WHAT IS BEING ASKED: Look through the entries below and extract exactly the lines from the one containing "1000 Brickell Plz 4915 - Photo 7" through the one containing "Supreme x Jordan", ends included.

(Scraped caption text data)
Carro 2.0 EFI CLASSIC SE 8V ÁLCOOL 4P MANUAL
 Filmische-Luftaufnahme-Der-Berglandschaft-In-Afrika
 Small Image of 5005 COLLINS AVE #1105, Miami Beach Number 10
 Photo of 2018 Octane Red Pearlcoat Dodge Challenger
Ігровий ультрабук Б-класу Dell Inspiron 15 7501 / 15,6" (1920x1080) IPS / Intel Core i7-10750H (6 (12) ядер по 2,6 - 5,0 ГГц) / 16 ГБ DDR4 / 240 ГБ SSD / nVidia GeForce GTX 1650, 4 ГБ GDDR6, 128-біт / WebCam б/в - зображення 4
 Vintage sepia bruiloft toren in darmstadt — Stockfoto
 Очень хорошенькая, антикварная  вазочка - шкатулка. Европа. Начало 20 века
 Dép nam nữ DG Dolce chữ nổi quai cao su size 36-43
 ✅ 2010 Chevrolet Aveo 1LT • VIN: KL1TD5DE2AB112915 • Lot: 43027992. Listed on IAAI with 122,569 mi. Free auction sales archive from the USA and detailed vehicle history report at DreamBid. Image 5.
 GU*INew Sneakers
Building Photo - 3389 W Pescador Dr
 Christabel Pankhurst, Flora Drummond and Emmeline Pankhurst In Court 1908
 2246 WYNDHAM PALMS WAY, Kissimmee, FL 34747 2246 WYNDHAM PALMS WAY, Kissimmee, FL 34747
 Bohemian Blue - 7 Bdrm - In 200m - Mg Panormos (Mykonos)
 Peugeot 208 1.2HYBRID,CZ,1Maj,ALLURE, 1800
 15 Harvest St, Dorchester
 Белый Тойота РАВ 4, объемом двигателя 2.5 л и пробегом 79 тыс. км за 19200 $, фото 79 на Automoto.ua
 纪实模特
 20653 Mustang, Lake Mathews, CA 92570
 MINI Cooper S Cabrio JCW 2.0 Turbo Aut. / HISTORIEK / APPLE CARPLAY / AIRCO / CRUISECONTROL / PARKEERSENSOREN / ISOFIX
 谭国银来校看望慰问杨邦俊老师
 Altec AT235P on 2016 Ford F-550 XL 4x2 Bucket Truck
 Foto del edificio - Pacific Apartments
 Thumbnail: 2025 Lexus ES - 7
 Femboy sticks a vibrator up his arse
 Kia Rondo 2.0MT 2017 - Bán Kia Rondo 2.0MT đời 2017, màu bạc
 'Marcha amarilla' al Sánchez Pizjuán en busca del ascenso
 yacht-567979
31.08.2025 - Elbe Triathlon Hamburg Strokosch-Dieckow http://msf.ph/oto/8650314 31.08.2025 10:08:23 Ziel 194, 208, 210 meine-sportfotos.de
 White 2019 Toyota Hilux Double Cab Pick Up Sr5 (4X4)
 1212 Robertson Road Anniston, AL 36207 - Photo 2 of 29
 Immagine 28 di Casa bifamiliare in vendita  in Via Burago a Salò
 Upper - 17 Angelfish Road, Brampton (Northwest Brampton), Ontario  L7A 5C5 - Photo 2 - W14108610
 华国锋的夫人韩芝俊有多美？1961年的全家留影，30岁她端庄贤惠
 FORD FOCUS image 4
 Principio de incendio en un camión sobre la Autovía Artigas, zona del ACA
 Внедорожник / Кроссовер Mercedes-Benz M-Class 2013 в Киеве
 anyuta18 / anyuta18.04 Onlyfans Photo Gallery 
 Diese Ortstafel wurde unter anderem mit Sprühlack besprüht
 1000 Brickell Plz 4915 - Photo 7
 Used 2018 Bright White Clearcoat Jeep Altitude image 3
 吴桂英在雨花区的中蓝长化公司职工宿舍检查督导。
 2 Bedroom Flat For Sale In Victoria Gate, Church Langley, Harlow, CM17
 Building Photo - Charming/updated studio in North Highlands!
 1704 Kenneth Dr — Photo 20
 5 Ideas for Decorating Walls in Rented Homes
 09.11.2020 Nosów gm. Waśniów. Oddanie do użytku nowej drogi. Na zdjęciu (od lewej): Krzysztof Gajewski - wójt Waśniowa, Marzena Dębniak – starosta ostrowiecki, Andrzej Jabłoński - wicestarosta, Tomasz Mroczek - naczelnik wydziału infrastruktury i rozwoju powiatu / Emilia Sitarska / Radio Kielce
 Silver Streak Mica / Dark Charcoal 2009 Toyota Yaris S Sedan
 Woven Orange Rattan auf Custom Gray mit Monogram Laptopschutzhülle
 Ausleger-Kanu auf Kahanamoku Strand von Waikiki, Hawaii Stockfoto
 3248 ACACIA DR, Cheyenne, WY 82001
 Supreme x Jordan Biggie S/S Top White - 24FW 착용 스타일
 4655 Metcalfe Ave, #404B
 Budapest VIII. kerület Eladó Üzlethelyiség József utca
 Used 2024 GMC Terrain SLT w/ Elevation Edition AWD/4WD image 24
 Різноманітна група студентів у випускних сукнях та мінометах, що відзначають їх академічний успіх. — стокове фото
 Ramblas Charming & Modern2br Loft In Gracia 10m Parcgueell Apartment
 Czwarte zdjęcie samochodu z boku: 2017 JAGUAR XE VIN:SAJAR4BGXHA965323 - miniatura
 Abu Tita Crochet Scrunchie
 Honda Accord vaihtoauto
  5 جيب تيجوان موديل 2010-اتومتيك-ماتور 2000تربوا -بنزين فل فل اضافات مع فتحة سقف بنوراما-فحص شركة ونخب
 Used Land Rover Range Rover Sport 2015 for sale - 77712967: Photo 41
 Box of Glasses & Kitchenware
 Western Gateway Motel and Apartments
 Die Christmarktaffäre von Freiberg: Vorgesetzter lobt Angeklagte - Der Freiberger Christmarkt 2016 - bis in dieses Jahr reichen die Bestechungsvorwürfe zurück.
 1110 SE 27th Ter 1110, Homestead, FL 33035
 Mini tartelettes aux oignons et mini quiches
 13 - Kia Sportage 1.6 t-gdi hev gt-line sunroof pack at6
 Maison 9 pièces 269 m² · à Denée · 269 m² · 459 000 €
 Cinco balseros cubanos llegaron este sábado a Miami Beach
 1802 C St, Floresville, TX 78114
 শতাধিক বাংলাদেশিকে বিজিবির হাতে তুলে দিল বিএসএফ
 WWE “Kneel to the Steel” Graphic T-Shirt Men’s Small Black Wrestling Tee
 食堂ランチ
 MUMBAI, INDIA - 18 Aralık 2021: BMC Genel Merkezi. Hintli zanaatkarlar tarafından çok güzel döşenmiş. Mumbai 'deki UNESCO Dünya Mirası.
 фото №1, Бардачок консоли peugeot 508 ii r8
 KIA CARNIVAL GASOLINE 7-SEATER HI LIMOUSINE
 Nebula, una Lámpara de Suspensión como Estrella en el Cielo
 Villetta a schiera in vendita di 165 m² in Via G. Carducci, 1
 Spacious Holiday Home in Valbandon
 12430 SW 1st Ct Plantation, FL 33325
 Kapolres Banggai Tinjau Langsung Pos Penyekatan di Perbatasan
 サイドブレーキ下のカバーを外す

OUTPUT OF THE EXERCISE:
 1000 Brickell Plz 4915 - Photo 7
 Used 2018 Bright White Clearcoat Jeep Altitude image 3
 吴桂英在雨花区的中蓝长化公司职工宿舍检查督导。
 2 Bedroom Flat For Sale In Victoria Gate, Church Langley, Harlow, CM17
 Building Photo - Charming/updated studio in North Highlands!
 1704 Kenneth Dr — Photo 20
 5 Ideas for Decorating Walls in Rented Homes
 09.11.2020 Nosów gm. Waśniów. Oddanie do użytku nowej drogi. Na zdjęciu (od lewej): Krzysztof Gajewski - wójt Waśniowa, Marzena Dębniak – starosta ostrowiecki, Andrzej Jabłoński - wicestarosta, Tomasz Mroczek - naczelnik wydziału infrastruktury i rozwoju powiatu / Emilia Sitarska / Radio Kielce
 Silver Streak Mica / Dark Charcoal 2009 Toyota Yaris S Sedan
 Woven Orange Rattan auf Custom Gray mit Monogram Laptopschutzhülle
 Ausleger-Kanu auf Kahanamoku Strand von Waikiki, Hawaii Stockfoto
 3248 ACACIA DR, Cheyenne, WY 82001
 Supreme x Jordan Biggie S/S Top White - 24FW 착용 스타일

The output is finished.